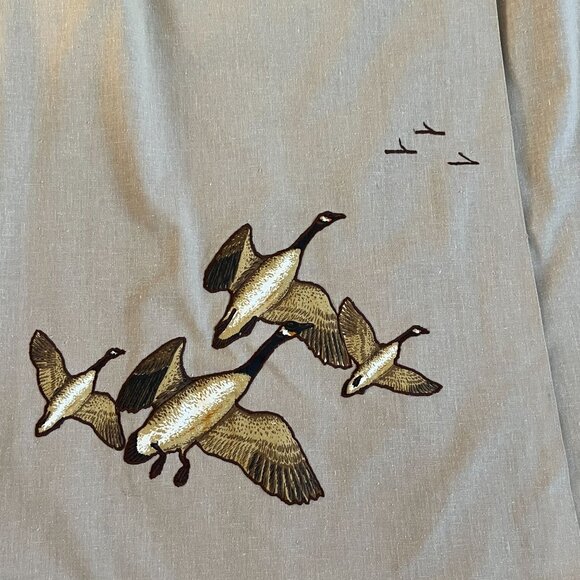 Vtg Bettmaar Artwear Cottagecore Wrap Maxi Skirt Womens 14 Canada Geese Flying - Picture 6 of 14
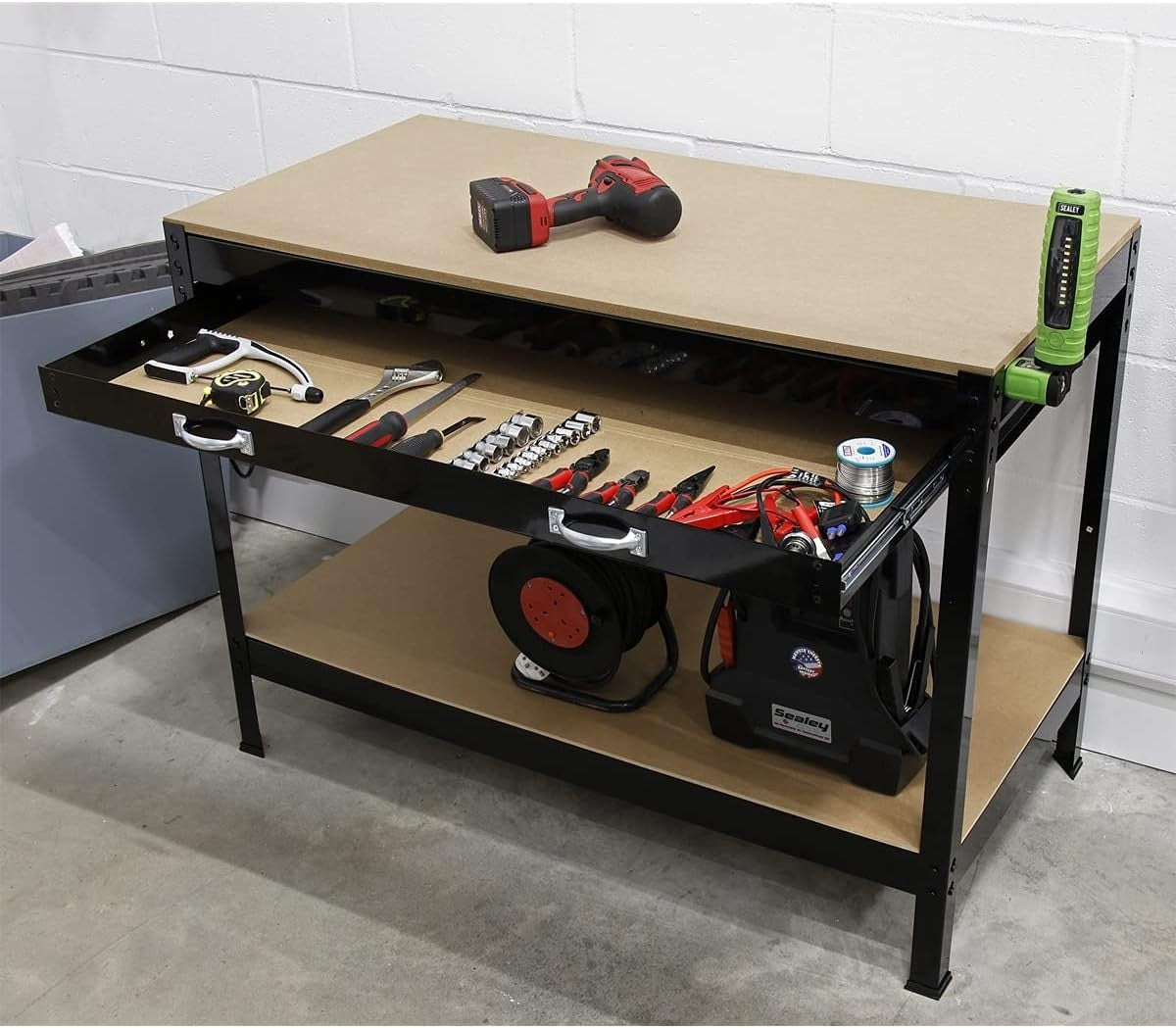 Workbench 1.2m with Drawer MDF Top Boltless Assembly 100kg Capacity
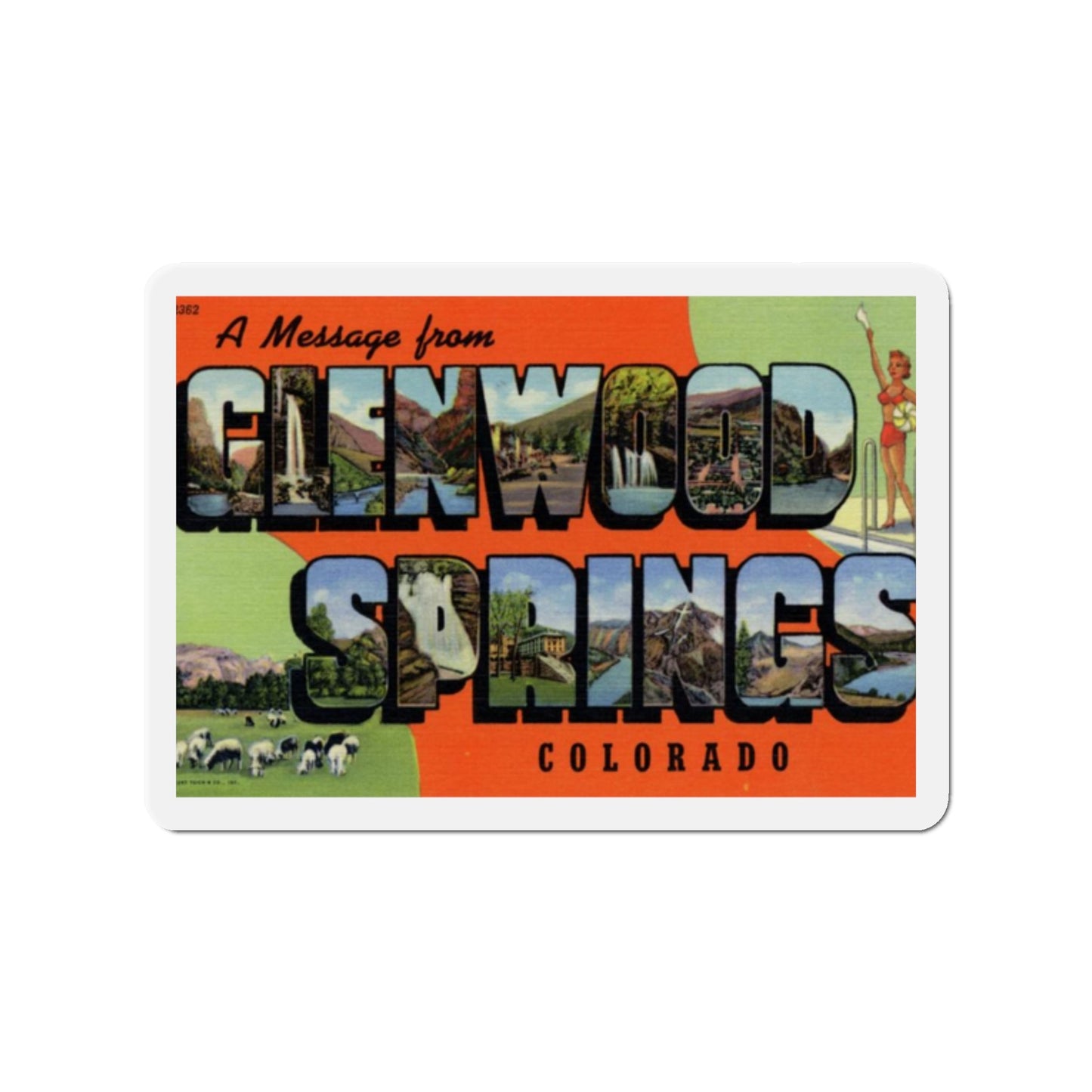 A Message From Glenwood Springs Colorado (Greeting Postcards) Die-Cut Magnet-2" x 2"-The Sticker Space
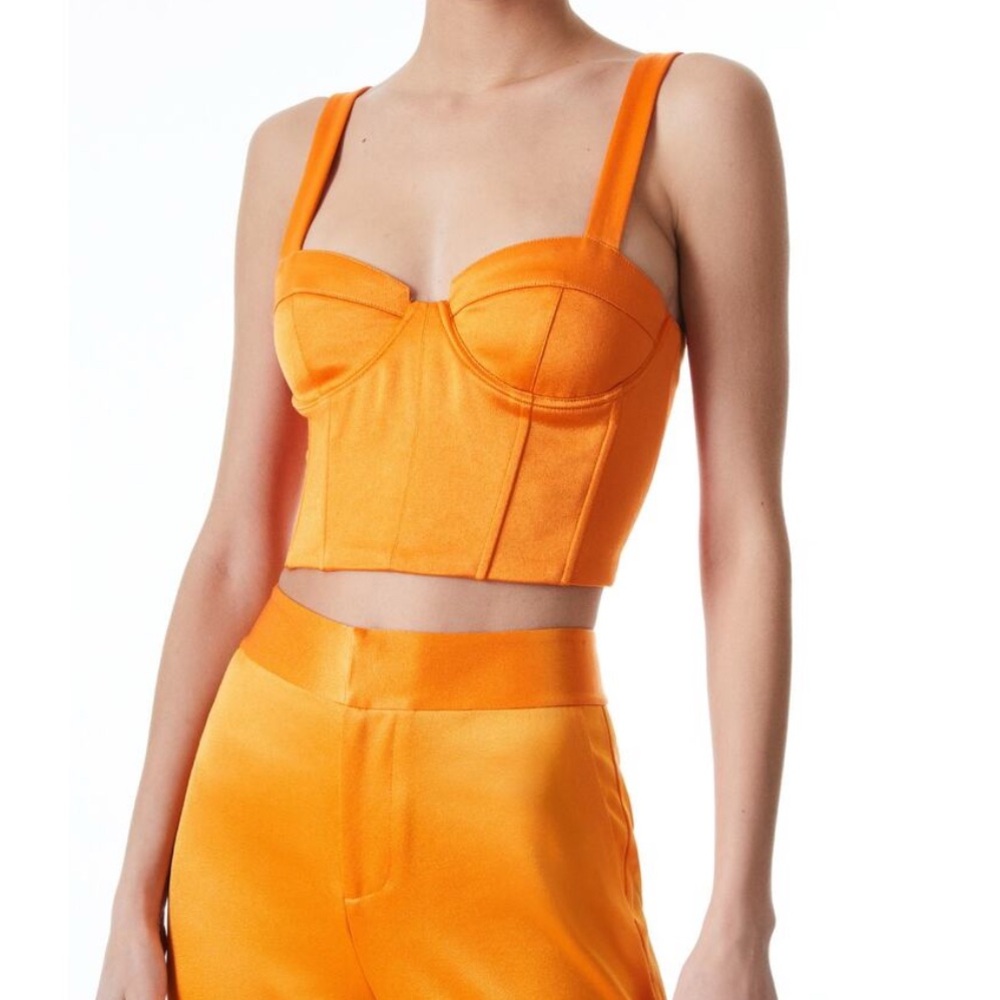 Alice + Olivia Orange Crop Top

▬▬▬

## EXERCISE DIRECTIONS:
Give back all of the material exactly, though without the images it contains.

## PROBLEM SOLUTION:
 Vtg Bettmaar Artwear Cottagecore Wrap Maxi Skirt Womens 14 Canada Geese Flying - Picture 6 of 14
 Workbench 1.2m with Drawer MDF Top Boltless Assembly 100kg Capacity
 A Message From Glenwood Springs Colorado (Greeting Postcards) Die-Cut Magnet-2" x 2"-The Sticker Space
 Alice + Olivia Orange Crop Top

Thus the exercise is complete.